Contrariamente, o facto pessoal traduz-se num acto praticado fora do
exercício das funções que competem ao agente devido à sua posição enquanto
agente público, ou durante o exercício destas mas onde exista qualquer
correlação com a função a prosseguir, nesses caso estamos perante uma forma de
responsabilização exclusivamente pessoal, a Administração não tem qualquer tipo
de intervenção, ou seja esta violação deve ser regulada pelo direito civil[15].
IV) Os factos funcionais podem ser praticados
de acordo com diversas graduações de culpa, onde as consequências são diferente
consoante o nível atribuído, podendo os actos ser praticados com culpa leve,
culpa grave ou dolo.
A culpa leve é a menos séria[16], e significa
basicamente que o agente apesar de não ter agido com a prudência ideal, a sua
actuação é manifestamente inferior àquela que se achava obrigada em razão das
funções exercidas.

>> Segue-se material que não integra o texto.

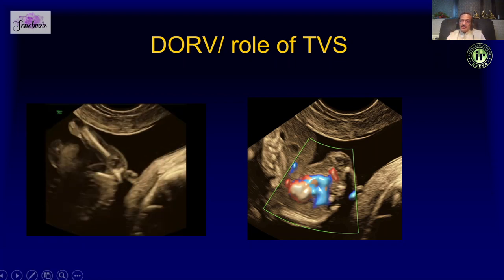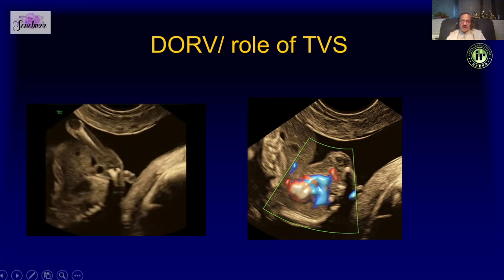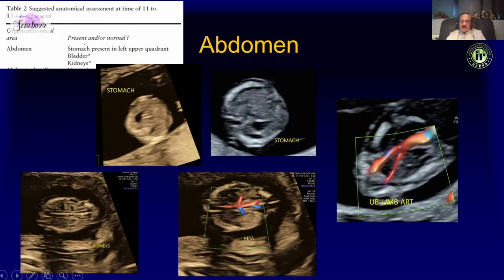Sometimes the fetal position is good and you can do almost a complete target scan. Look at the abdomen, make sure the stomach is present in the left upper quadrant, make sure the bladder is seen and you see two umbilical arteries.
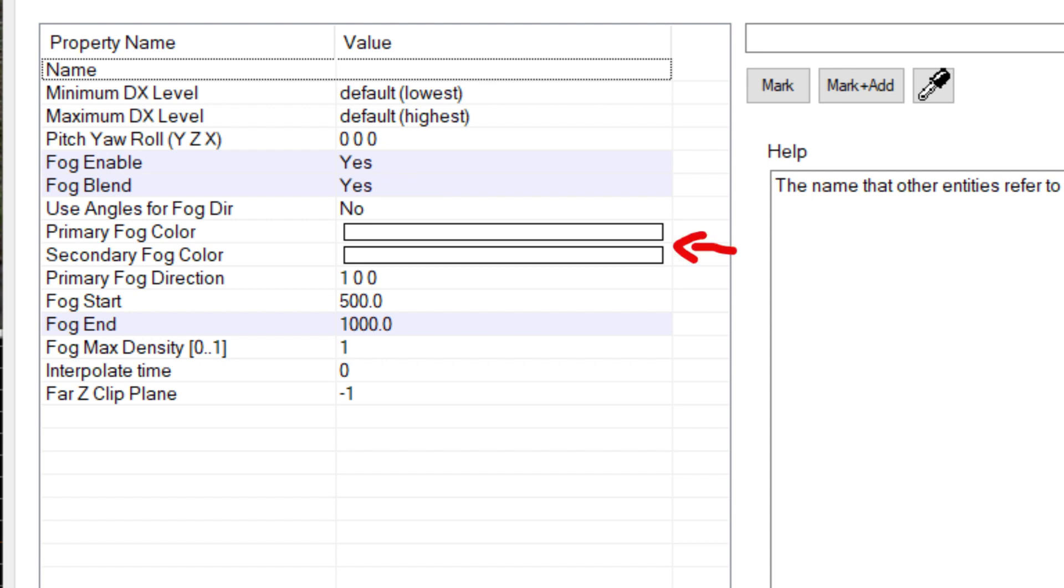These ones here are the color of your fog, with the primary color being more apparent, and the secondary one not so much. These two options determine where your fog starts to appear, and the radius of fog around you. The lower you set the number, the closer the fog is.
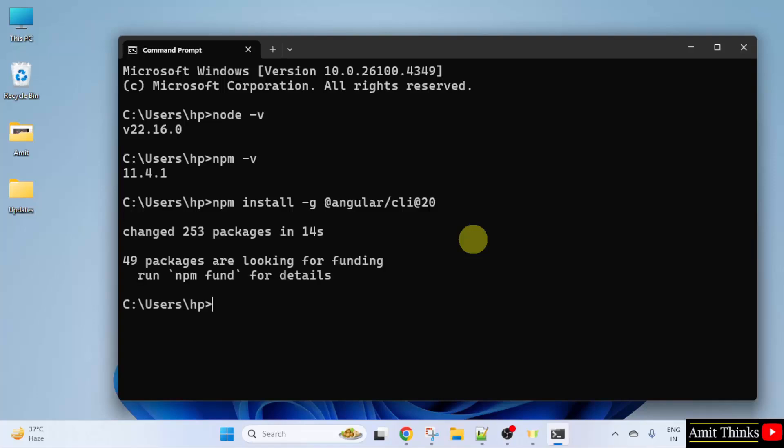So here what we did: we used the npm, that is the Node Package Manager, to install Angular 20. Now let us verify.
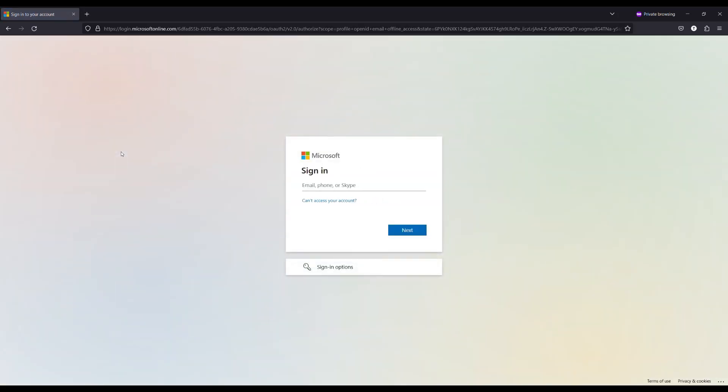Here Azure AD prompts the user to enter their ID credentials, and after successful authentication, the user will be logged into the application.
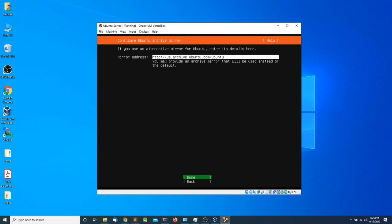In the next screen we need to enter an alternative mirror for our Ubuntu installation. I'm going to leave it as the default and press Enter.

Neste caso, diz-nos o artigo nº 7º/1 do RCEEP que “ O Estado e as demais pessoas colectivas de
direito público são exclusivamente responsáveis pelos danos que resultem de
acções ou omissões ilícitas, cometidas com culpa leve, pelos titulares dos seus
órgãos, funcionários ou agentes, no exercício da função administrativa e por
causa desse exercício”, ou seja a pessoa colectiva pública é exclusivamente
responsável, não podendo posteriormente exercer direito de regresso sobre o
agente que actuou com culpa leve. Ainda relativamente a esta categoria, o
artigo nº 10/ 2 e 3 estabelece uma presunção na qual um acto ilícito ou o
incumprimento de deveres de vigilância faz presumir um acto sob culpa leve
(solução que vai ao encontro do ideal proposto por alguma doutrina, onde se
centraliza a pessoa individual como o centro do Direito Administrativo)[17].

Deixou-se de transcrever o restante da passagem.